Most young women just want to be loved for who they are, messy bits and all. Getting a boyfriend can become such a huge part of our teen years. This desire can often lead to bad choices being made. These young women just want to be accepted, they want to belong. Like boys of the same age, they often want to break out from their parent's world. They want to experiment, have fun and dabble with bad boys, good boys, girls, whoever will show them some love and affection and desire. They want to find their power, even as they can have it taken away by others or as they give it away not realising what it is that they have. The trouble is the trouble that can happen to girls during this phase is often devastating. The double standard still exist and these girls bear the brunt of social scorn, ridicule and censure.
After almost binge reading the first half, I had to put this book aside for awhile. I was starting to feel impatient and annoyed - at the women in the book, at the world we live in, at men who take advantage, at foolish young girls who make bad choices, at families who don't take better care of their teenagers.
A couple of weeks later, I jumped in again. Once again I was utterly absorbed by Taddeo's amazing story-telling - but there was also a part of me that was repulsed. The roller coaster ride of compulsive empathy followed by pulling away with annoyance was quite exhausting. Exhilarating and exhausting.
So what did I learn?
Or what did I get out of this all-consuming reading experience?
Firstly, that it is possible to find a book utterly engaging, authentic, intricate, insightful, thoughtful, supportive and non-judgemental, yet aggravating at the same time.
Secondly, that it's possible to describe a book as narrative non-fiction at its finest and utterly pointless at the same time. I say pointless, not because I think these women and their desires are pointless, but because I'm not quite sure what Taddeo was hoping to do with the book.
Thirdly, what you get out of this book, will depend on which lens you view it through. A feminist lens will leave you feeling enraged. A diversity lens will leave you feeling disappointed. A psychoanalytical lens will appreciate Lisa's ability to get her three women to reveal so many intimate details about their lives, but I'm not sure anyone of these women could be considered archetypes. A Marxist lens will see class and social inequalities confirmed by the different desires that drive these women.
Finally, I learnt that the beginning, middle and the end of a book can produce very different reader responses, in just the one reader!
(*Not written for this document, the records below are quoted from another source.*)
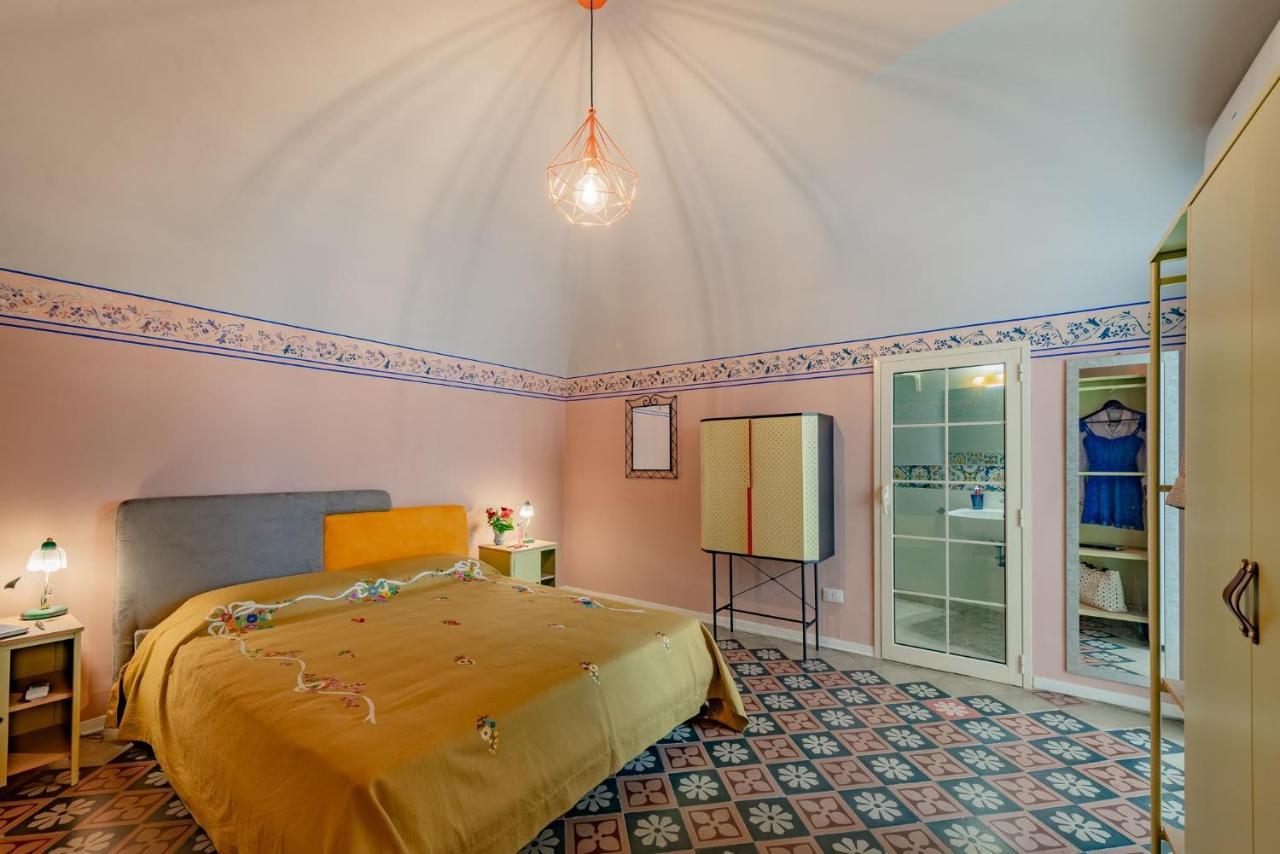 B&B Tommaso Fazello Sciacca Residenza Artistica Buitenkant foto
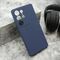 Zastitna futrola VELVET TOUCH - Samsung S938 Galaxy S25 Ultra 5G tamno plava (MS).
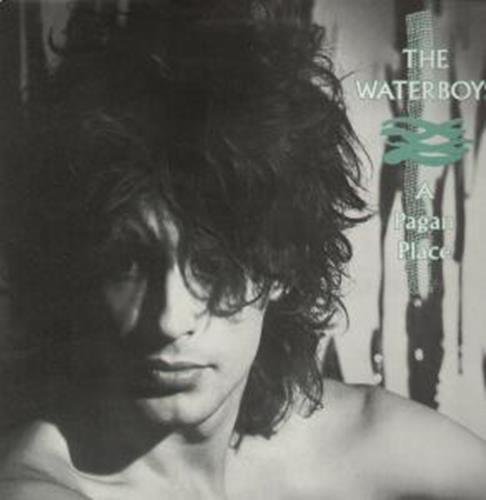 Waterboys - A Pagan Place LP (Vinyl Album) UK Chrysalis 1984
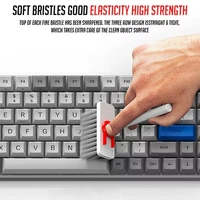 5 in 1 Cleaning Brush Kit for Keyboard Airdopes Earphones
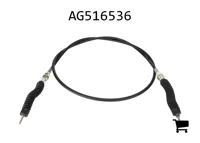 AGCO AG516536 Трос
It was exhausting at times, at other times I empathised and recognised certain universal thoughts and beliefs and at others I wanted to shake them all until I could make them see sense, take control of their lives and stand up for themselves.
I also wondered if the one thing these three women had in common were parents, who despite loving their children, were somehow absent or guilty of not paying close enough attention. Whether it was alcohol, mental illness or emotional distance. As Taddeo says is her Prologue,
how much of what I thought I wanted from a lover came from what I needed from my own mother. Because it's women, in many of the stories I've heard, who have a greater hold over other women than men have.
This is not another book that blames women for the problems of other women. It's rawer than that. And more encompassing. It's life;
the beast of it, the glory and brutality. [The] blood and bone and love and pain. Birth and death. Everything at once.
Three Women was my latest book group choice. It generated lots of discussion, although no-one was prepared to be the first to talk about her desires! And maybe that's why Taddeo wrote this book - as a way to provoke a group of women into talking about desire, love and sex.